DATA EXCERPT -
>>>>>
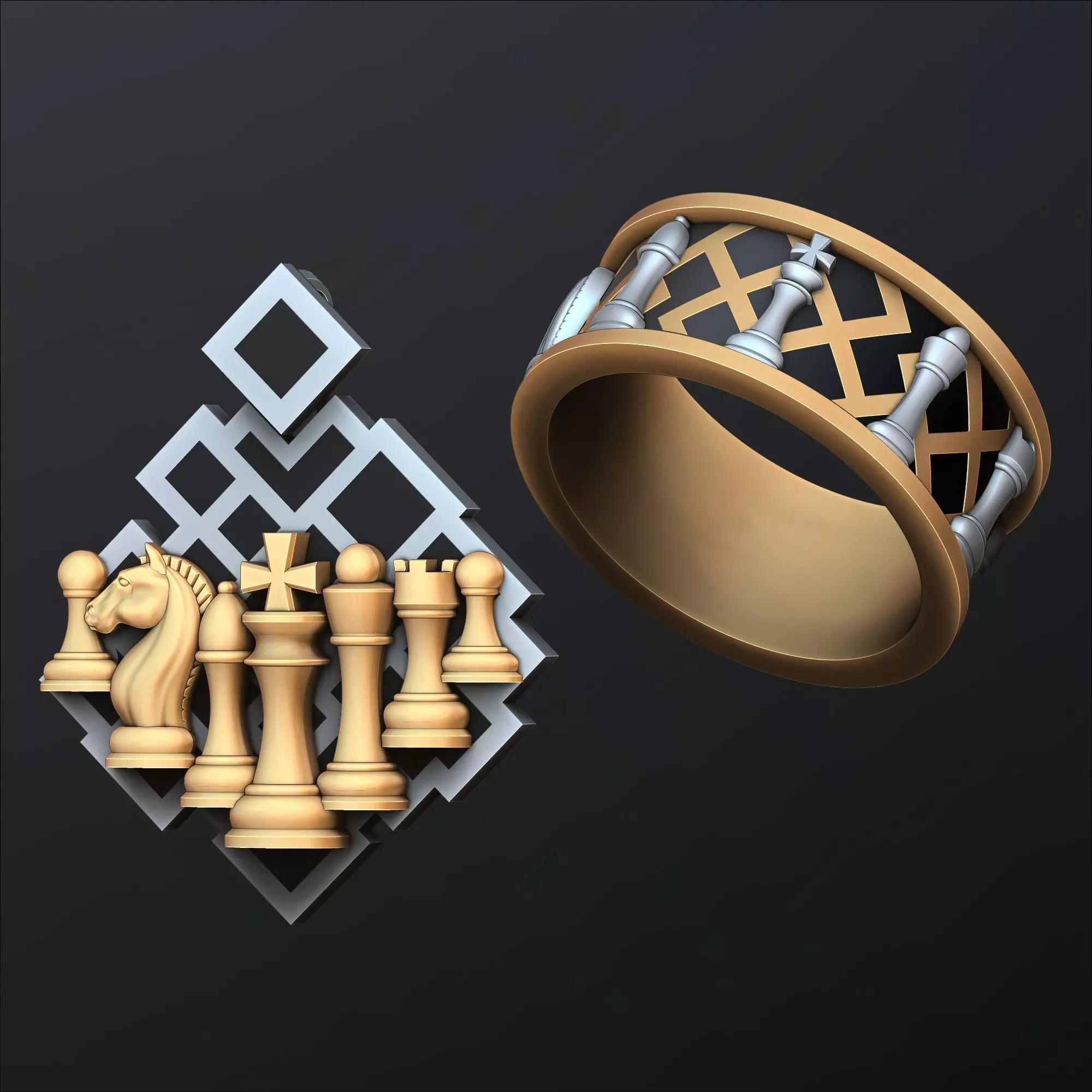 Jewelry Chess Pendant Ring With Enamel Collection Set Pack 3D print model_0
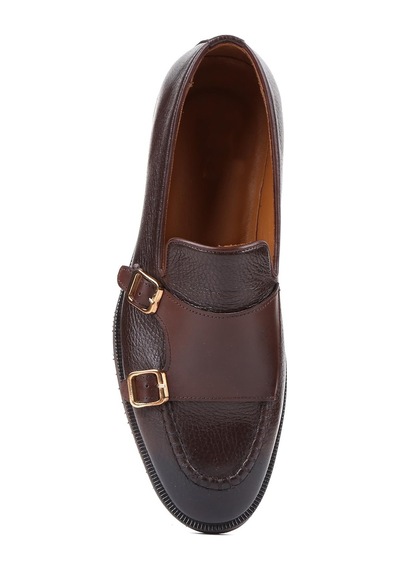Shoetyle - Kahverengi Deri Tokalı Erkek Klasik Ayakkabı 250-2750-863-kahverengi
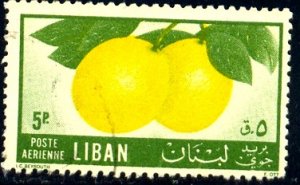 Fruit, Orange, Lebanon stamp SC#C211 used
<<<<<
TASK DETAILS - The answer should be an exact copy of the material, with its pictures removed.

ANSWER TO THIS PROBLEM -
 Jewelry Chess Pendant Ring With Enamel Collection Set Pack 3D print model_0
Shoetyle - Kahverengi Deri Tokalı Erkek Klasik Ayakkabı 250-2750-863-kahverengi
 Fruit, Orange, Lebanon stamp SC#C211 used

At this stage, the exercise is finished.